L’enfance nous parait toujours émettre d’un temps révolu comme une étoile morte dont la lumière nous parviendrai toujours. Cette lumière lointaine nous éclaire aussi de sons oubliés. Gamin, je me plantais souvent devant la télé, et plus que les images, c’est la lumière qui me fascinait, cette lumière qui palpitait jusqu’à ce que la neige recouvre l’écran de son bruissement magnétique. Avant que celle-ci n’apparaisse, les images qui défilaient m’emmenaient toujours faire un tour de manège. Je ne savais pas lire, mais le petit train aux wagons peints de lettres qui servait de générique de fin d’émission, ou d’interlude, racontait une histoire en musique qui me semblait résonner uniquement pour moi.
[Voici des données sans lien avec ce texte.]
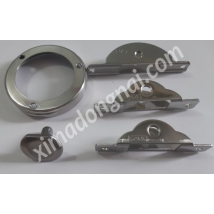 Rung bóng inox (SuS 304)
Il y a longtemps que je n’ai pas entendu cette musique.
A cette époque, je possédais une toupie tenant captif sous une cloche transparente un petit train qui tournait à la vitesse de cette toupie propulsée à l’aide d’une poignée munie d’une vis sans fin. J’adorais pomper sur cette vis qui animait la révolution de ce petit train qui tournait et tournait et tournait encore pour mon plus vif plaisir. Un plaisir intime, et intense, qui faisait ronronner mon petit moteur intérieur du ravissement que procure la répétition. Ces deux petits trains sont à présent liés par le souvenir dans une commune vibration de bien-être que je n’ai plus éprouvée depuis bien longtemps.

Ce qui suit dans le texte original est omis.